Thursday 25 February 2016. By way of a change from walking, Josephine invited me to join the Fenland Archeology group members on a visit to the ongoing dig at Must Farm near Whittlesey. A couple of dozen of us met at the layby near the dig, just off the A605, from where we were escorted onto the site by our guide from the Cambridge Archeological Unit. I’m sorry to say that I don’t remember her name which is a shame as she is a most knowledgeable and enthusiastic young lady. The dig isn’t open to the general members of the public so I felt privileged that Josephine had asked me to come along.
The dig is receiving a great deal of publicity and has been dubbed as “England’s Pompeii” The finds in the two roundhouses are incredible given that they are about 3,000 years old. The ceramics, textiles and metal objects have been preserved by being buried in the Fenland peat.
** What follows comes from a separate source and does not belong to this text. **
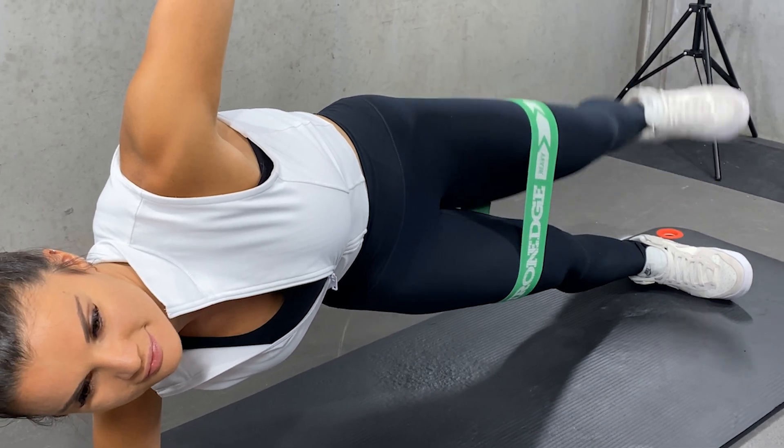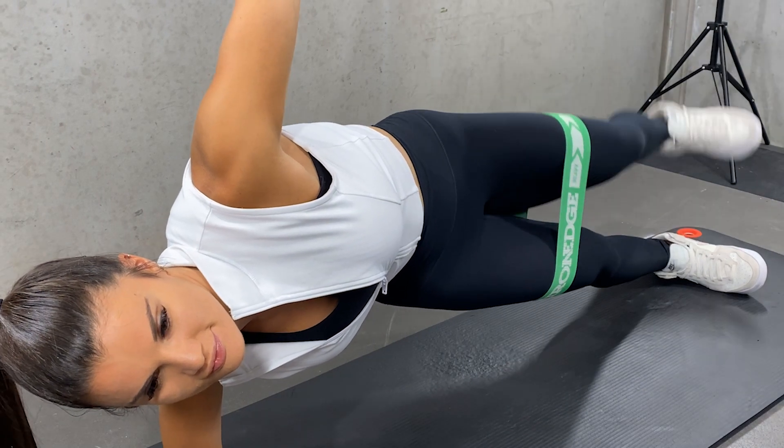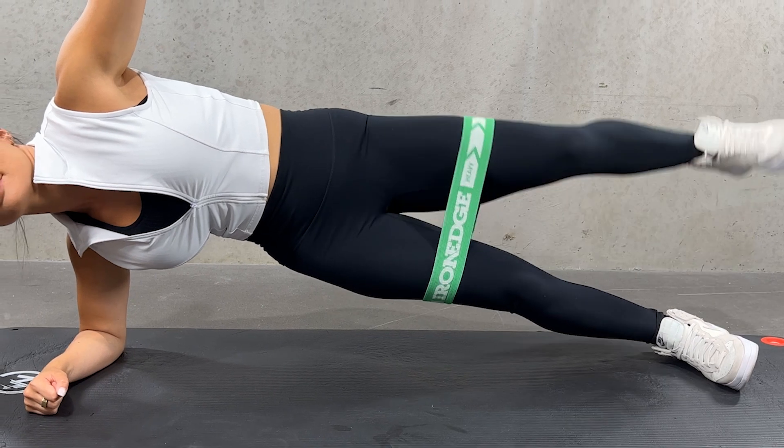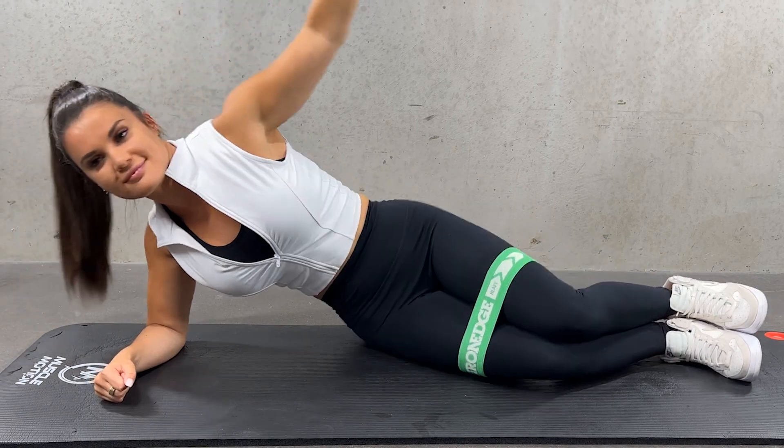Lift your hips and thighs towards the ceiling by extending them simultaneously. Ensure your torso remains in a straight line. Without letting your bottom hip drop, lift your top foot towards the ceiling. Just a small lift is needed here.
As my knowledge of archelogy is extremely limited I won’t try to expand on the information which can be found on the links to the relevant websites.
It was a cold but enjoyable day and I’ll now follow progress until the dig is completed later this year.
Fenland Ramblers members will be aware that for the last 5 or 6 years we have held our AGM at Ferry Meadows near Peterborough. This has been an ideal venue as it has a variety of local walks, public toilets, room hire at affordable cost and, perhaps most important, free car parking. This is about to change on 7 March with the introduction of all day, every day car parking charges. These will start at a minimum of £1.50 for the first hour, rising by 50p for every subsequent half-hour up to a maximum of £5 for stays in excess of 4 hours.
I use Ferry Meadows quite frequently and, being a true Yorkshireman, I don’t really want to pay up to £5 every time that I want to go for a walk. Thankfully, there is a “no cost” option by using the nearby “free” Thorpe Wood Golf Centre car park (PE3 6SE) which is open to all. As you can see from the following map, it is just one mile between the Thorpe Wood and Ferry Meadows car parks and most of this can be incorporated into walks around the park.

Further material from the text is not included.